Vegetables and Aromatics

  • 1 tablespoon olive oil
  • 2 cloves garlic, minced
  • 1 small onion, finely chopped
  • 1 cup cherry tomatoes, halved
  • 1 cup baby spinach leaves

Dairy and Seasoning

  • 1/4 cup ricotta cheese
  • 2 tablespoons Greek yogurt
  • 1/4 cup grated Parmesan cheese
  • Salt and pepper, to taste

Garnish

  • Fresh basil leaves, for garnish
  • Lemon wedges, for serving


Instructions

  1. Cook the pasta: Bring a large pot of salted water to a boil. Add the whole grain pasta and cook according to package instructions until al dente. Reserve 1/2 cup of the pasta cooking water before draining the pasta.
  2. Sauté aromatics: In a large skillet, heat olive oil over medium heat.

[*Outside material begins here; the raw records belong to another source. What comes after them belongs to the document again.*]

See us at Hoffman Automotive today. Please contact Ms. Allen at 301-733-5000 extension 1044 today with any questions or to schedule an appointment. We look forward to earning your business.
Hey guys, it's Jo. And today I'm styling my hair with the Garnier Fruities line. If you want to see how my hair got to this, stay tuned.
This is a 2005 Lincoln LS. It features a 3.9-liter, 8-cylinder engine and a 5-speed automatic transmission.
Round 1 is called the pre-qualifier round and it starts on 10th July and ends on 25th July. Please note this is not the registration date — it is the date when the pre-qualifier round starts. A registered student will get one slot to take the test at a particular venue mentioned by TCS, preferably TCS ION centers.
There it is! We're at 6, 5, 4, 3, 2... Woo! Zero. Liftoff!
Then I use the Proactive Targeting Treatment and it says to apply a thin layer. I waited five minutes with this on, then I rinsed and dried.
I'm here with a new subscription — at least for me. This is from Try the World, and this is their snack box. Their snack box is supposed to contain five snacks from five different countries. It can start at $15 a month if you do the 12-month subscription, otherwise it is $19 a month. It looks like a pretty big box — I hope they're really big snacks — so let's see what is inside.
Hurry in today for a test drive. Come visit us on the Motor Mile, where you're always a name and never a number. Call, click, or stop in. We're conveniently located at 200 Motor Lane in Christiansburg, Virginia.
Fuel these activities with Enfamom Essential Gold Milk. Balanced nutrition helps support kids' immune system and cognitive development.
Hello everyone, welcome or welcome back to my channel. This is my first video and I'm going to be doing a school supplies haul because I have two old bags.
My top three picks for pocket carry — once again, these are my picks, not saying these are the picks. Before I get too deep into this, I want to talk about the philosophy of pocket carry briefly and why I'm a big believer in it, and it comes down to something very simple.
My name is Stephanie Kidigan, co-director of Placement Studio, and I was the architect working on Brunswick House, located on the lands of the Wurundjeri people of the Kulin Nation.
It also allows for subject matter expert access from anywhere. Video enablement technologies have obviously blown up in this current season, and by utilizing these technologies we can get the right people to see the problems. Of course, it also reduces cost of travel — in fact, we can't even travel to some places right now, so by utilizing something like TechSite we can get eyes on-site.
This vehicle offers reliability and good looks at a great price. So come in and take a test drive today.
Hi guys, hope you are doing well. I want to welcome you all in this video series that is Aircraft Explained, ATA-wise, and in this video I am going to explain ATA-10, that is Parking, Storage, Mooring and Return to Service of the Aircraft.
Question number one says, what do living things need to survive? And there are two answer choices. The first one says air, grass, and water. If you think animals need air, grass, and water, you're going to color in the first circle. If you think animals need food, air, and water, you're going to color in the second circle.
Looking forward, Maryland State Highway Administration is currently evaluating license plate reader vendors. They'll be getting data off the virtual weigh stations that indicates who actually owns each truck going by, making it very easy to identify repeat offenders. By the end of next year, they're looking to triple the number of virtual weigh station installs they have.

Add minced garlic and finely chopped onion, then sauté for 2-3 minutes until softened and fragrant.
  3. Add tomatoes: Stir in the halved cherry tomatoes and cook for 2 minutes until they start to soften.
  4. Wilt spinach: Add baby spinach leaves to the skillet and cook until wilted, approximately 1 minute.
  5. Add protein: Incorporate the diced cooked chicken breast or canned chickpeas into the skillet and mix well with the vegetables.
  6. Combine cheeses and pasta: In a small bowl, mix ricotta cheese and Greek yogurt. Add this mixture to the skillet along with the drained pasta and reserved pasta water.
  7. Mix and heat through: Stir everything together, allowing the ricotta and yogurt to coat the pasta and vegetables evenly. Cook for an additional 2-3 minutes until heated through and well combined.
  8. Season and finish: Sprinkle the grated Parmesan cheese over the pasta mixture. Season with salt and pepper to taste and gently toss to combine.
  9. Serve: Divide the pasta into bowls, garnish with fresh basil leaves and lemon wedges on the side for squeezing over before eating.

Notes

  • For a vegetarian option, substitute cooked chicken breast with canned chickpeas.
  • Reserve some pasta cooking water to create a smooth and creamy sauce without adding extra cream.
  • Use whole grain pasta for additional fiber and nutrients.
  • Fresh basil and lemon wedges add brightness and freshness to balance the creamy sauce.
  • Adjust salt and pepper according to personal taste preferences.